Türkiye'den diğer masraflarıyla birlikte gönderilen para ile bu rüşvetin ödendiğini anlatan Sarraf, "45 bin dolar karşılığında bu gardiyan bana alkol getirdi. Birkaç kere de gardiyanın cep telefonunu kullandım ... Eşimle, kızımla görüntülü, Türkiye'deki bir avukatımla, bir kere de dayımla ve ablamla görüştüm, hatırladığım kadarıyla." demişti.
Sarraf, cezaevinde uyuşturucu madde olan sentetik marihuana içtiğini de kabul etmişti.
Sarraf'ın "hapishaneden çıkmak ya da daha az ceza almak için işlemediğin suçları kabul etmek zorundasın" dediği ortaya çıkmıştı.
Atilla'nın avukatları, Sarraf'ın hapishanedeki telefon görüşmelerinin kayıtlarına ilişkin mahkemeye bir mektup sunmuştu.
Savunmanın avukatlarının sunduğu mektupta, 15 Eylül 2016'da Sarraf ile Ahad isimli bir kişi arasında geçen telefon konuşmasında Sarraf'ın "ABD'de hapishaneden çıkmak ya da daha az ceza almak için işlemediğin suçları kabul etmek zorundasın" dediği belirtilmişti.
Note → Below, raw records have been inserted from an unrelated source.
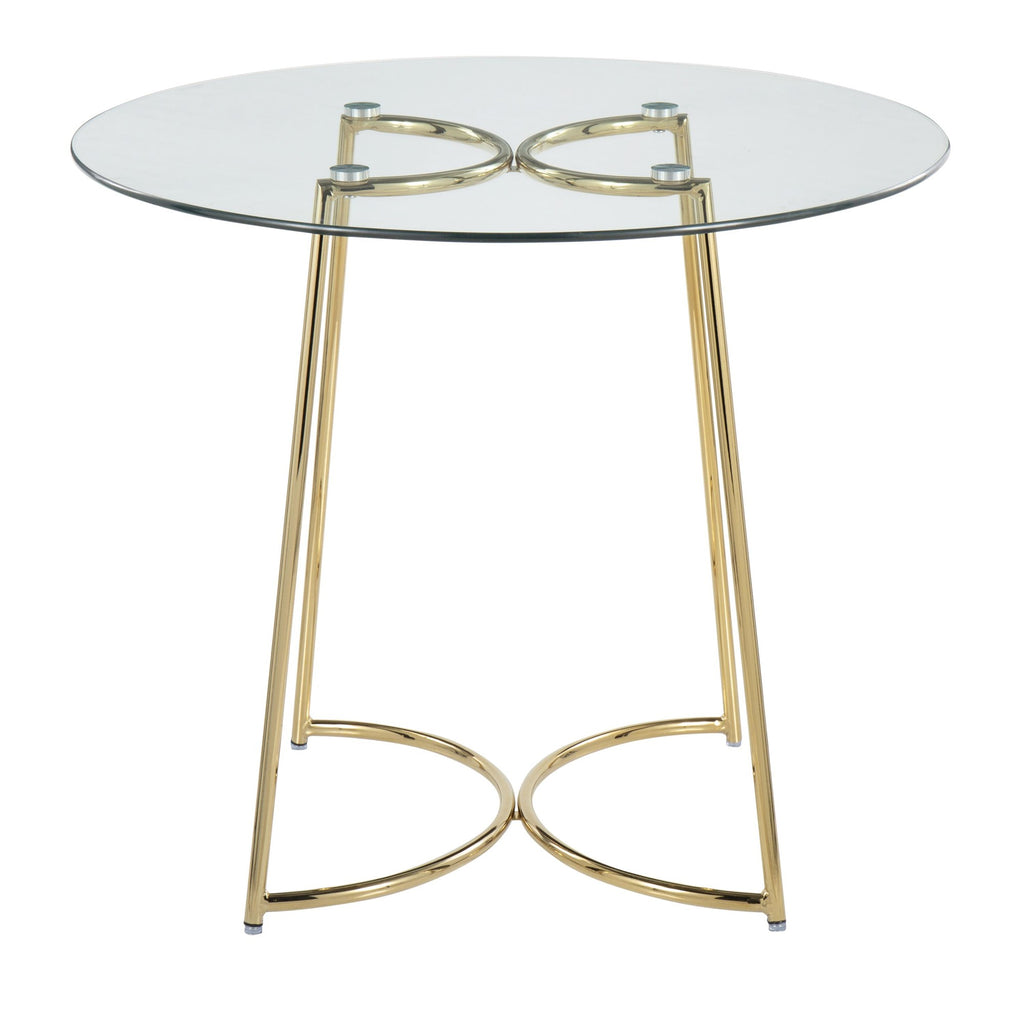 Cece Dinette Table - Gold Steel, Clear Glass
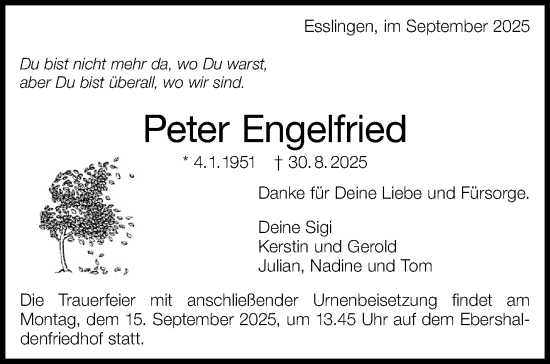 Traueranzeige von Peter Engelfried von Eßlinger Zeitung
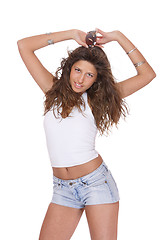 Image showing young woman in jeans shorts
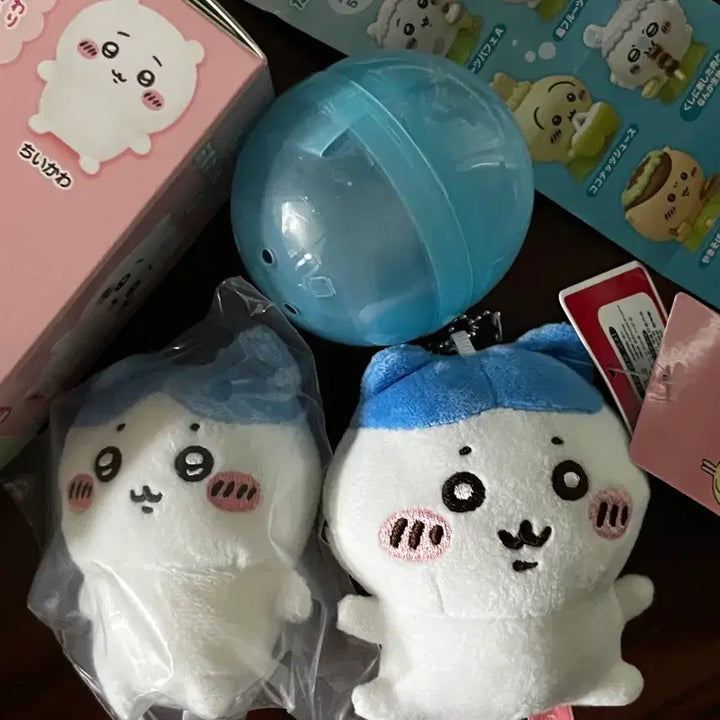 [BUNJANG] Hachiware Owari "Mermaid Island" "Tabemono" Sitting Plush Doll Bundle Set / [미개봉] 먼작귀 하치와레 오스와리 앉은누이 인어섬 타베모노 가챠 콩눈인형 일괄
İran'a yönelik yaptırımları delme, banka dolandırıcılığı ve kara para aklamak gibi suçlar atfedilen Sarraf geçen yıl mart ayında ABD'de tutuklanmıştı.
Atilla ise 27 Mart'ta JFK Havalimanı'ndan Türkiye'ye gitmek üzereyken gözaltına alınmış ve ardından tutuklanmıştı.